:: Recorded data

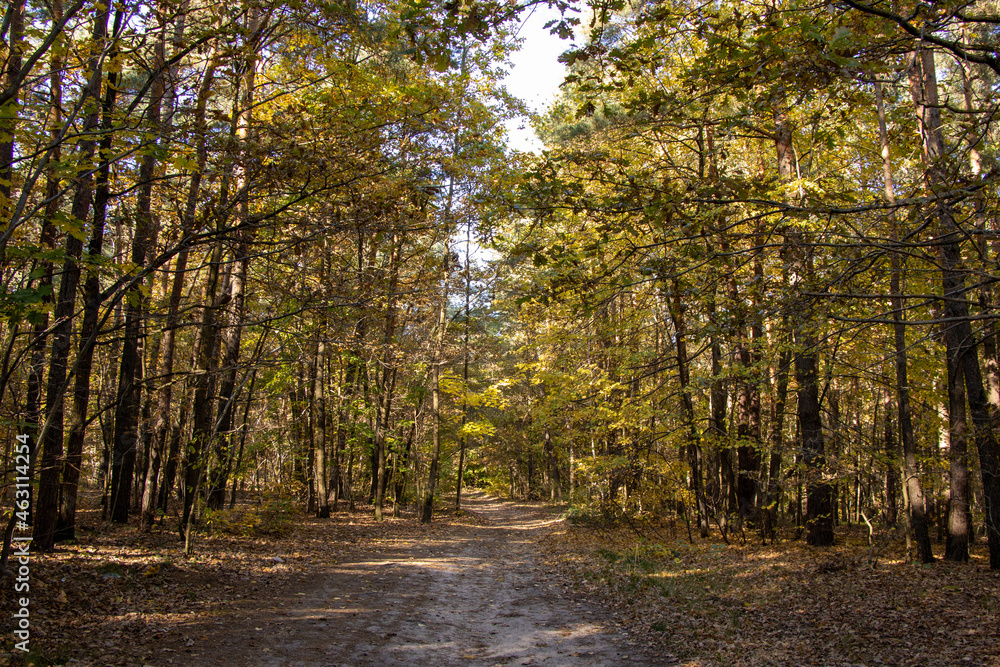Fototapeta premium An autumn view in the woods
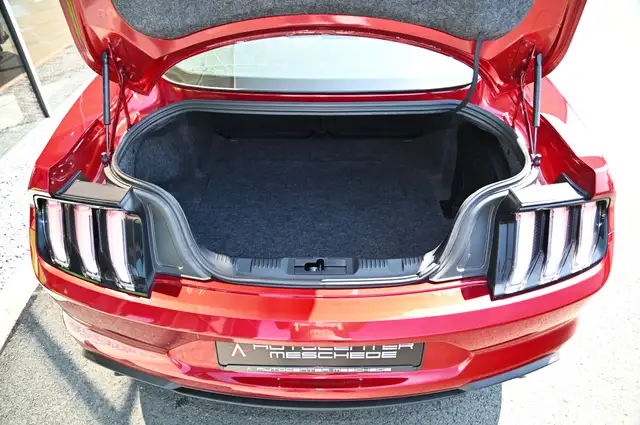 Ford Mustang view 9
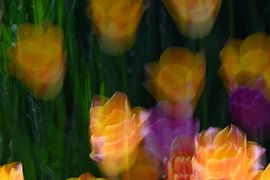 FLOWER DREAMS 24 by Miroslav Ptacek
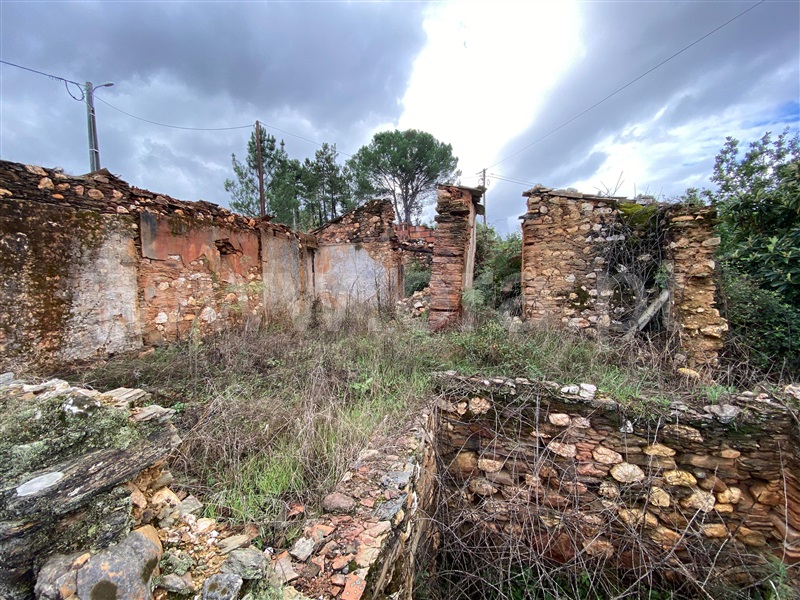 Terreno com ruina  Arganil, Côja e Barril de Alva - 1357165 - 7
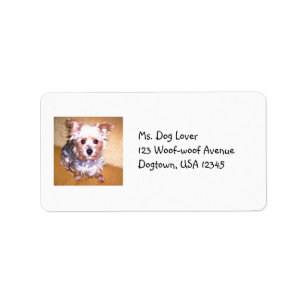Pet Label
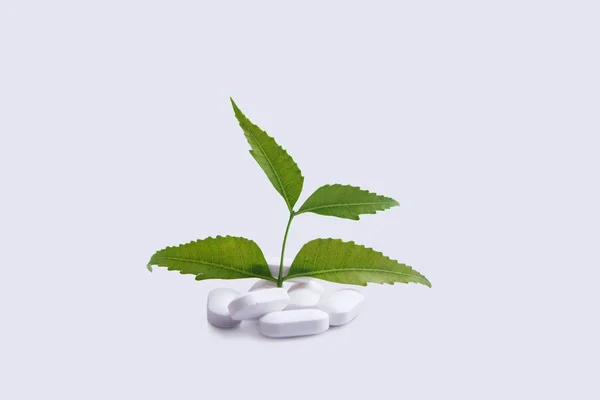 Pillen gemaakt van medicinale neem — Stockfoto
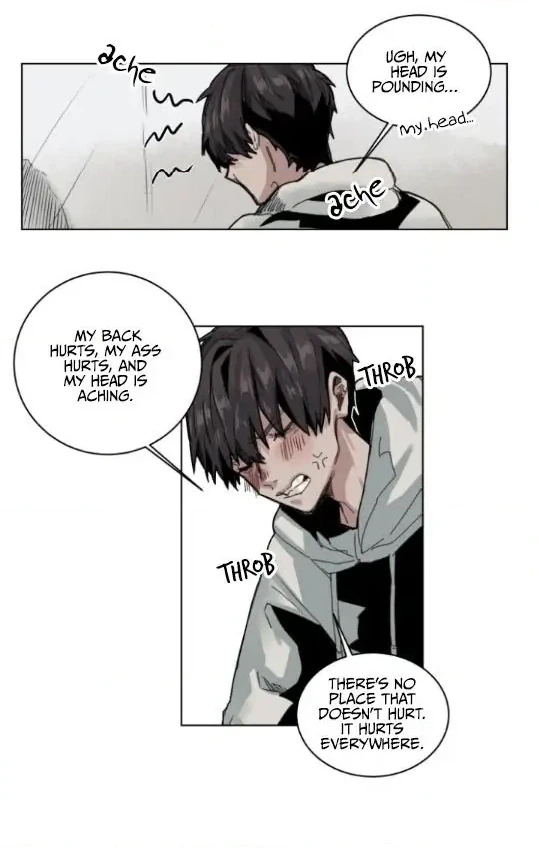 A Dead Crow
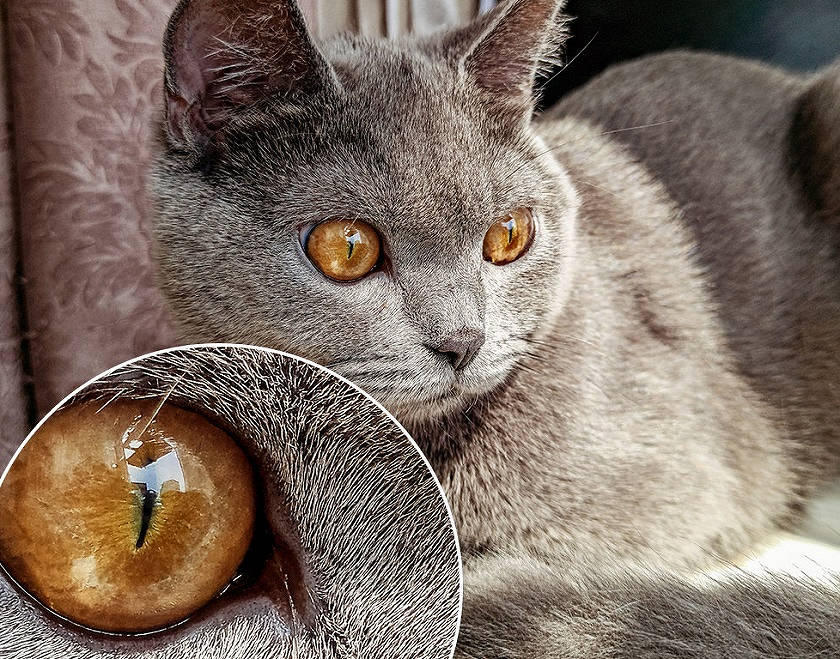 Un teaser pour un smartphone Redmi avec un appareil photo de 64 mégapixels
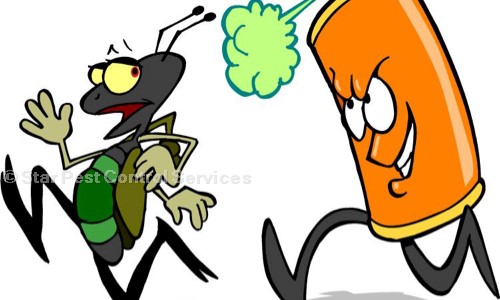 Star Pest Control Services - Pest Control in Uttam Nagar, Delhi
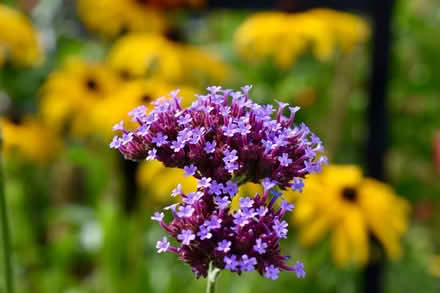 Photo of free Verbena bonariensis plants (Hatfield AL10) #1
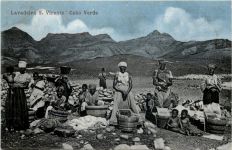 Cabo Verde - Lavadeira S. Vicente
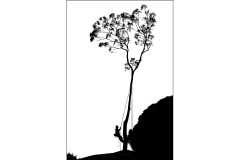 11 Aug 2022: Print Award Winners: Judge – Robyn Campbell; Set Subject - Place of Worship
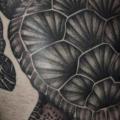Rücken Schildkröte tattoo von Tin Tin Tattoos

::::

# Try it
Your reply should hold only the lines from the one that contains "Un teaser pour" through the last line of the records above, exact and complete, and no pictures.

# Reply to the task
 Un teaser pour un smartphone Redmi avec un appareil photo de 64 mégapixels
 Star Pest Control Services - Pest Control in Uttam Nagar, Delhi
 Photo of free Verbena bonariensis plants (Hatfield AL10) #1
 Cabo Verde - Lavadeira S. Vicente
 11 Aug 2022: Print Award Winners: Judge – Robyn Campbell; Set Subject - Place of Worship
Rücken Schildkröte tattoo von Tin Tin Tattoos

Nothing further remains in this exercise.